Mayor Bill de Blasio has a steep hill to climb. His plan to build 80,000 units of affordable housing over the next ten years is very ambitious, beyond what previous administrations have been able to accomplish during their times in office.
De Blasio’s plan relies heavily on inclusionary housing, a program in which developers are awarded more density in return for including affordable units. (The inclusionary housing program, or IHP, is separate from the 421-a program, which gives property tax abatements in return for setting aside 20 percent of units to let at below-market rates, though the two programs can act in concert.)
During the Bloomberg administration, the city created about 20 inclusionary housing zones, where developers can build up to 33 percent more floor area if below-market units are included. The affordable apartments can either be in the same building or nearby, and they are to be permanently affordable – an important goal in the eyes of housing advocates.
But unless the de Blasio administration is willing to rezone targeted neighborhoods to allow even larger density bonuses, inclusionary housing’s mixed record under Bloomberg suggests that most developers will skip the affordable units, forgo the density bonus, and simply build all market-rate apartments.
During the Bloomberg years, the program was generally only used for large-scale projects in high-density neighborhoods.
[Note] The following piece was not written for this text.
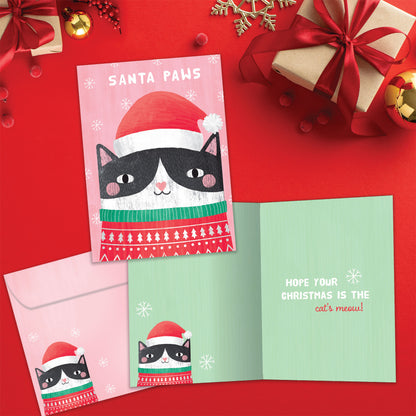Santa Paws Christmas Card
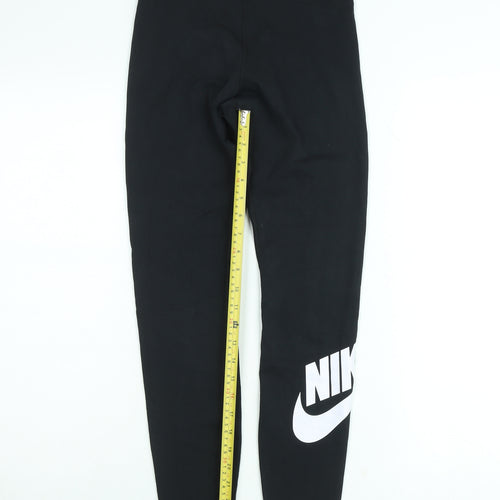 Nike Womens Black S Ankle Leggings High Rise Stretch Activewear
Elsewhere, the bonus does not seem to have been large enough to entice developers to include affordable units.
A report by Councilmember Brad Lander gives the most comprehensive account of the successes and challenges of the city’s inclusionary housing program. From 2005 to 2013, 2,769 affordable units were produced in 41 projects through the inclusionary housing program.
The overwhelming majority of these units, though – 86 percent – were built in only two broad areas: Manhattan’s West Side and in Williamsburg and Greenpoint. Both are high-density districts with very large-scale development.
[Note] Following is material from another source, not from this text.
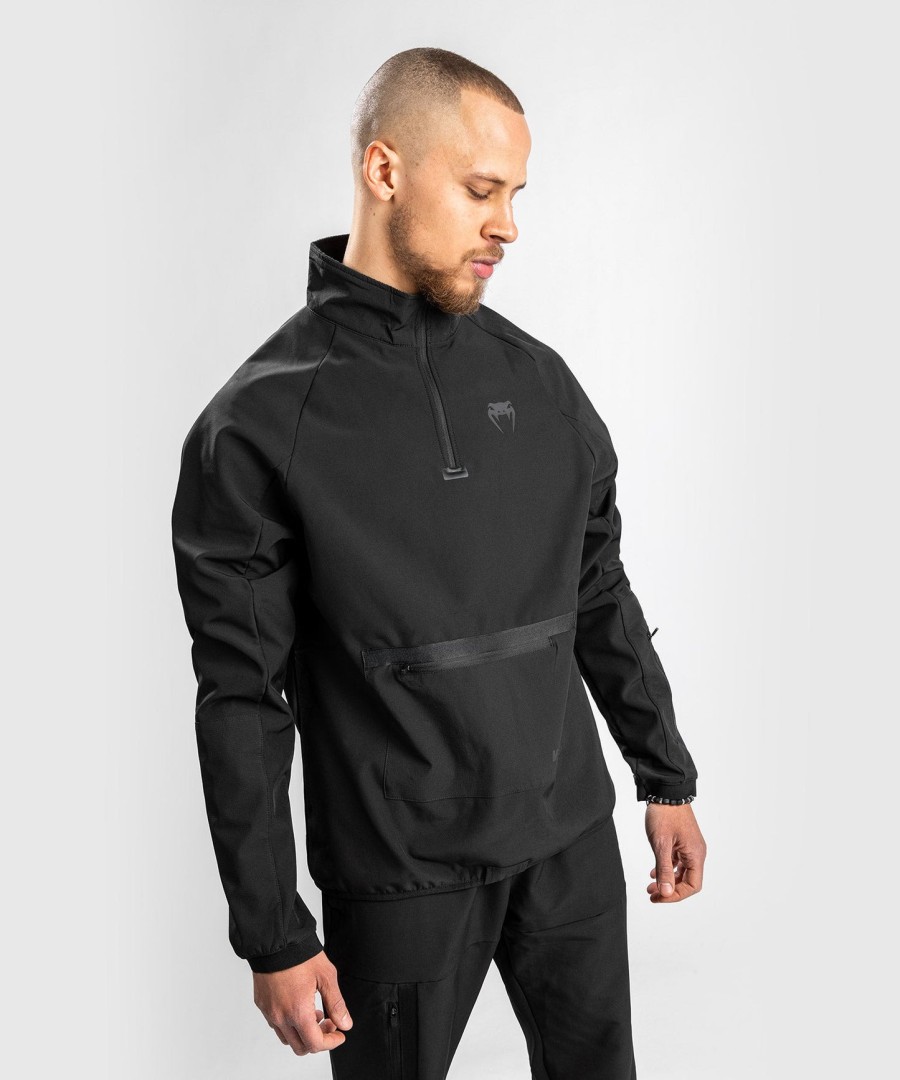 venum altitude genser med halv glidelås – svart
The inclusionary housing program was scarcely used in other neighborhoods designated inclusionary areas, like Woodside and Astoria in Queens, Flatbush in Brooklyn or the Webster Avenue corridor in the Bronx.
There are several possible explanations for this. First, the West Side and northern Brooklyn were the first neighborhoods to be designated in the inclusionary program, so they’ve had the more time to get new projects planned and finished. Other inclusionary neighborhoods were rezoned more recently, at around the same time as the housing crash.
But there was still a significant amount of market-rate housing produced in these neighborhoods since they were rezoned – 6,682 units, to be exact. Only 389 affordable units were built through the inclusionary housing program, six percent of the total, compared to 16 percent in Williamsburg/Greenpoint and on the West Side.
Again, the major difference here may be the allowable density and scale of development. The Lander report found that, “Every market rate project using the IHP bonus that we were able to identify has had more than fifty units.” In fact, on the West Side, most projects had 500 units or more.
The takeaway is that, in most areas, the size of the density bonus may be too little to entice developers to participate, especially once you consider that most of the “bonus” floor space must be used for affordable apartments.
A new building in the inclusionary program may be awarded a 33 percent density bonus if it includes affordable housing. But if you consider that most of the “bonus” floor area must consist of money-losing affordable apartments, the amount of market-rate space is increased by only five percent. In smaller developments, developers almost never find the tiny increase worth the hassle.
(A common misperception is that the inclusionary housing program requires that 20 percent of a building’s floor area be affordable. In fact, it allows 1.25 square feet of additional total floor area for every 1 square foot of below-market space.)
For example, portions of Myrtle Avenue in Bed-Stuy are designated inclusionary housing areas. On a hypothetical 1,000 square foot lot, a developer may build 4,200 square feet of residential space.
With the inclusionary housing bonus, that developer may build an additional 1,400 square feet of floor area. But most of that additional square footage – 1,120 square feet – must be made up of affordable apartments, and the developer is actually only awarded 280 additional square feet of market rate floor area. This is a small increase from a developer’s perspective.
If you’re feeling confused, you’re not alone. Developers find the program to be confusing and time-consuming, which may be another reason many choose not to use it.
Though the amount of bonus is relatively small, there are some instances in which it is very valuable. The added density usually results in a taller building, and floors at the top floors command higher rents. Again, the value of the density bonus is greater in zones that allow denser, taller buildings.
And when you consider that many developers already include affordable apartments in order to get 421-a tax breaks, the inclusionary housing program can be the icing on the cake. But when developers “double dip”, the city doesn’t necessarily get any more affordable units than it would have without the inclusionary housing program.
Mayor de Blasio has made the inclusionary housing program a central component of its affordable housing strategy. From the city’s standpoint, inclusionary housing is very attractive because it costs the city nothing. But as the program currently stands, it does not seem likely to generate a substantial number of affordable units on top of what would already be created with 421-a.